Assignment: Starting with the line below that holds "Grote Blauwe Bloem Notitieboek" and stopping after the line that holds "Pampers Sensitive Baby", transcribe the lines exactly, leaving out all pictures.

Working data:
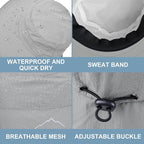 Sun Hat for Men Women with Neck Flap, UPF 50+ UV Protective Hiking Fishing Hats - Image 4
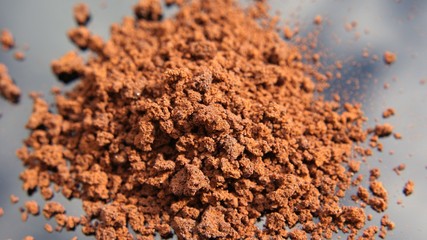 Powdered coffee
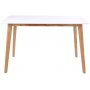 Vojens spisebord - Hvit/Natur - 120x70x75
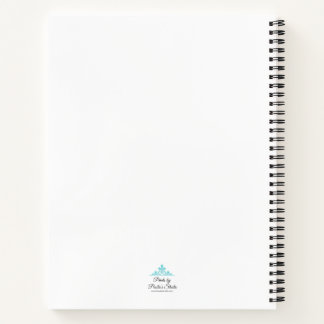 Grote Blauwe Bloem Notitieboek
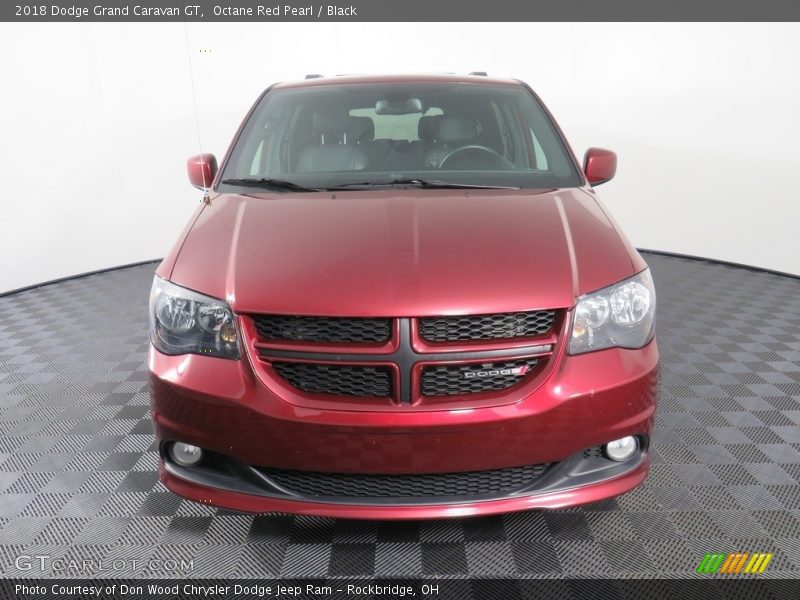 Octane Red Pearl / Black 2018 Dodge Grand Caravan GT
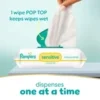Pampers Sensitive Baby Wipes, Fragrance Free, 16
* * *
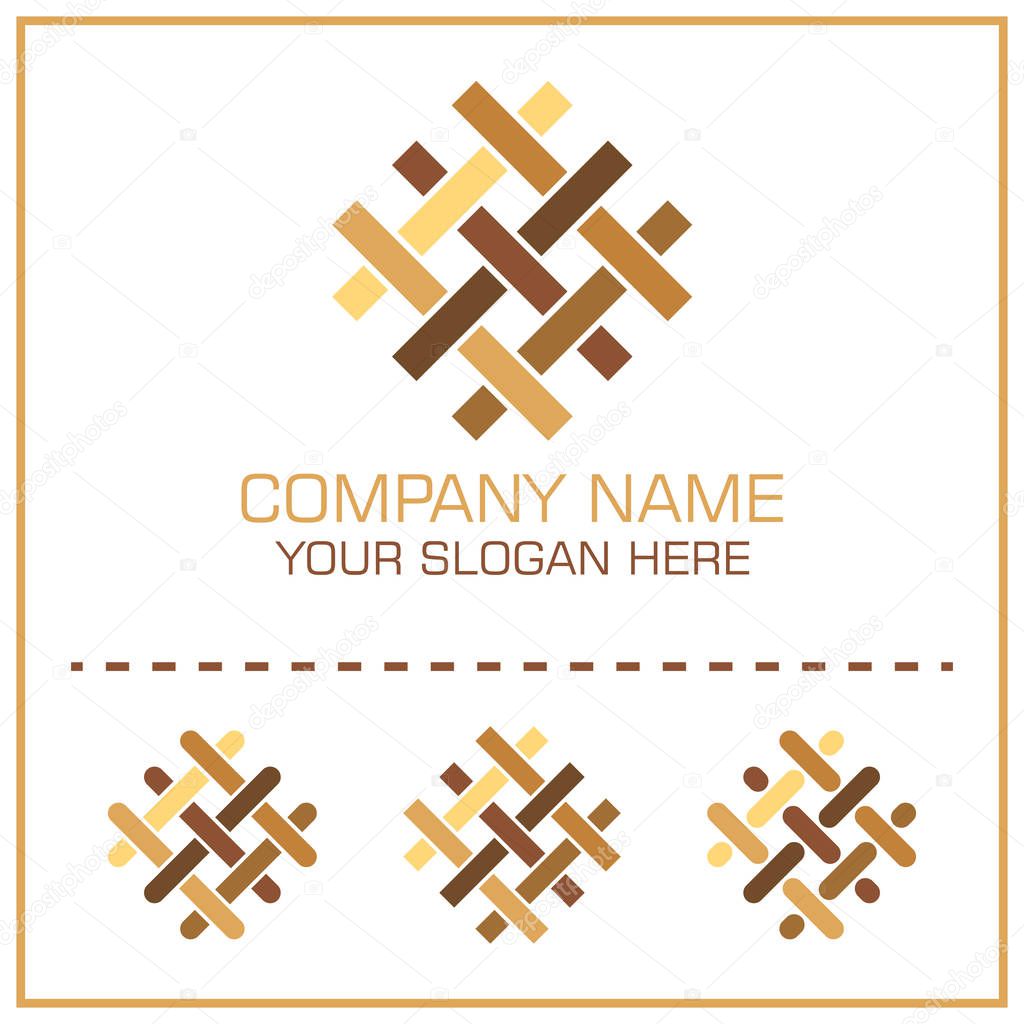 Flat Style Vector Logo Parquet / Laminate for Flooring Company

Answer below:
 Grote Blauwe Bloem Notitieboek
 Octane Red Pearl / Black 2018 Dodge Grand Caravan GT
Pampers Sensitive Baby Wipes, Fragrance Free, 16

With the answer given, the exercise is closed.